Türkiye’nin şimdi büyük ölçüde PKK ve YPG’nin ayrı varlıklar olduğunu iddia eden diğer ülkeleri benzer bir pozisyon benimsemeye zorlaması muhtemeldir.

Türkiye, 2019 saldırısını YPG kontrolündeki kuzey Suriye’ye tekrarlama sözü verdi. Önceki operasyon, Batı’nın yaygın bir şekilde kınamasına ve Ankara’ya savunma satışlarına kısıtlama getirilmesine yol açmıştı.

Türkiye artık Avrupa ve ABD’nin bunu eleştirmemesini bekleyecek. [incursion] dudak servisinin ötesinde, ”dedi Unluhisarcıklı.
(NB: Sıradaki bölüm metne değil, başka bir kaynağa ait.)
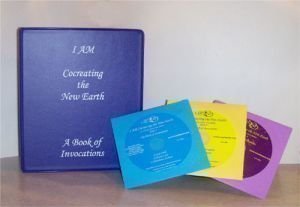 Beispielbild fr I Am Cocreating the New Earth: A Book of Invocations zum Verkauf von Tin Can Mailman, Arcata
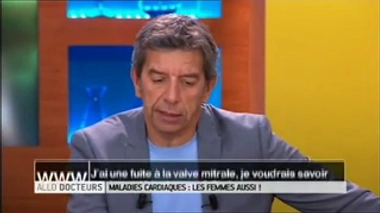 Fuite à la valve mitrale : quels sont les risques ?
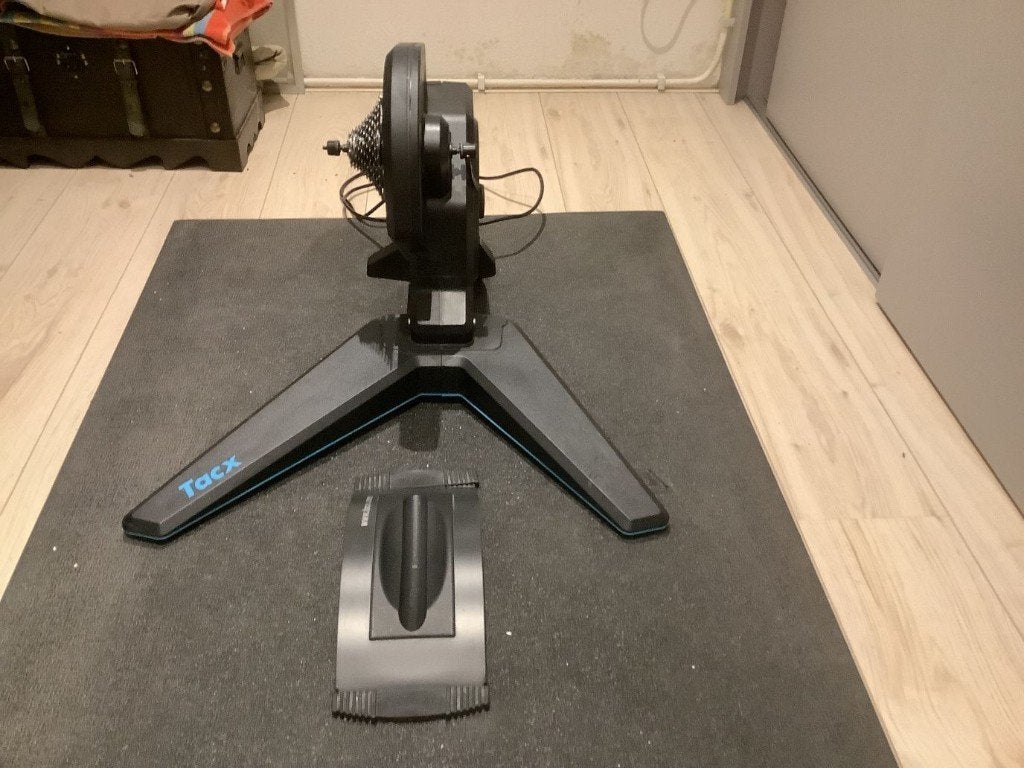 Tacx Flux 2 - T 2980, Ophalen, Zo goed als nieuw, Overige typen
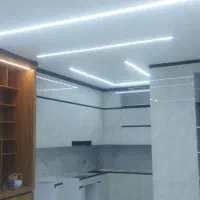 برقکار سیمکشی نصب آیفون نورمخفی لاینر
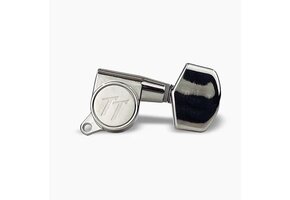 True Tune Sealed Tuners 3x3 chrome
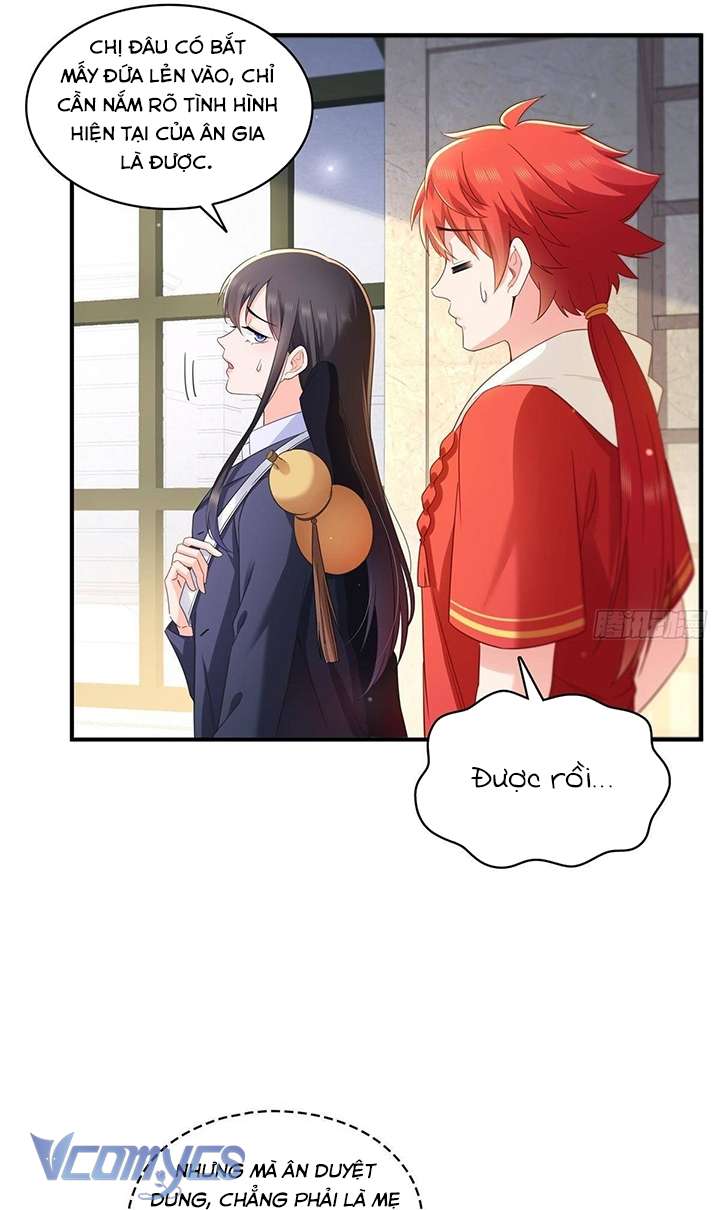 Hệt Như Hàn Quang Gặp Nắng Gắt Chap 540 - Trang 4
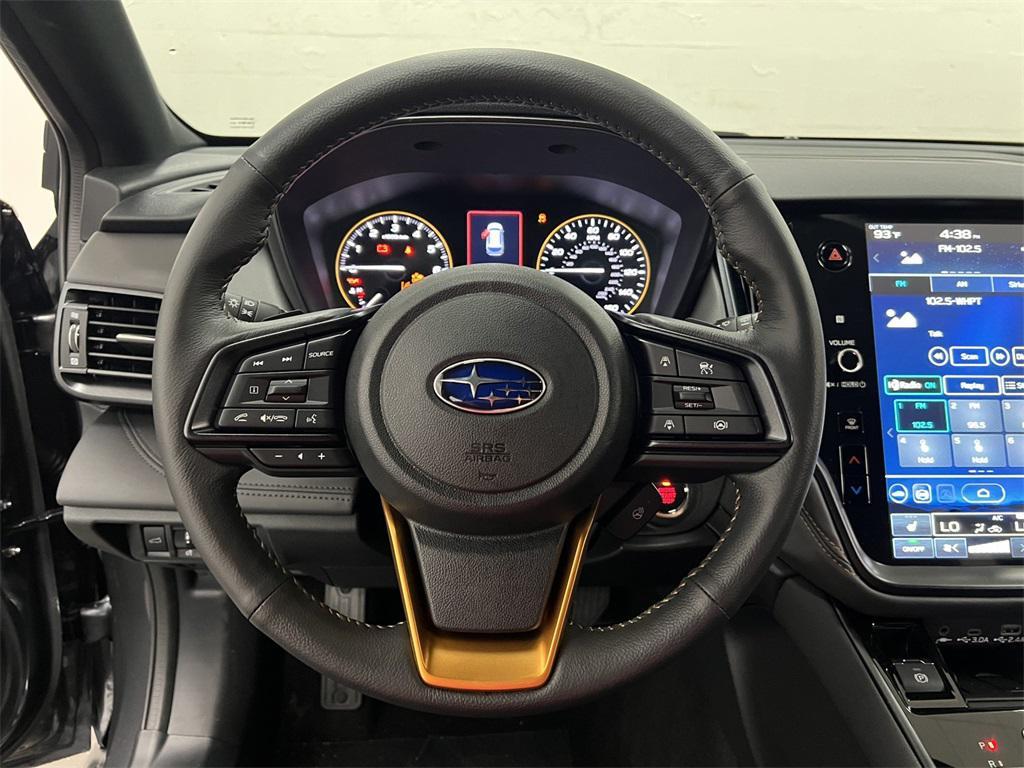 new 2025 Subaru Outback car, priced at $44,229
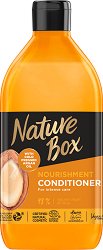 Nature Box Argan Oil Conditioner - маска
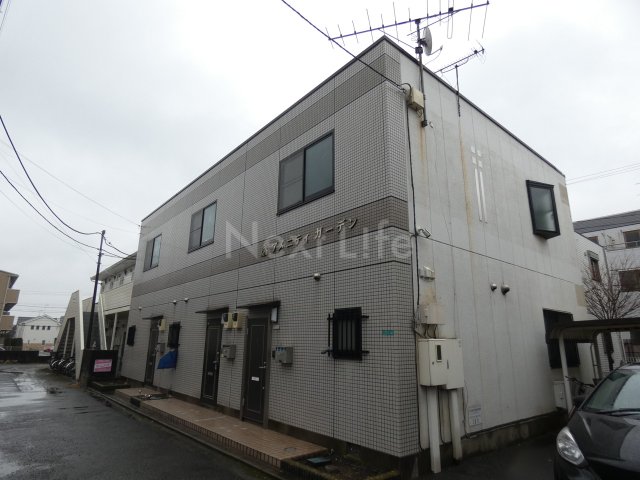 建物外観　アメニティーガーデン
Dalay, Rusya’nın Ukrayna’daki savaşının Türkiye ile NATO müttefikleri arasında daha fazla yakınlaşmaya yol açacağını açıkladı. Türkiye, Suriye, Libya ve Dağlık Karabağ’da Rusya ile doğrudan rekabet halinde olan tek NATO üyesidir ve bu durum Ankara için benzersiz güvenlik tehditleri oluşturmaktadır.

Dalay, “Rus revizyonizmi Türkiye’yi her zaman Batı’ya yaklaştırdı” dedi. “Osmanlı İmparatorluğu’nun durumu buydu, Türkiye NATO’ya girmek için başvururken de böyleydi, bugün de böyle.

Ancak Türkiye jeopolitik konularda Batı ile adım adım yakınlaşırken, bunu Rusya’yı kızdırmayacak şekilde yapmaya çalışacak” dedi.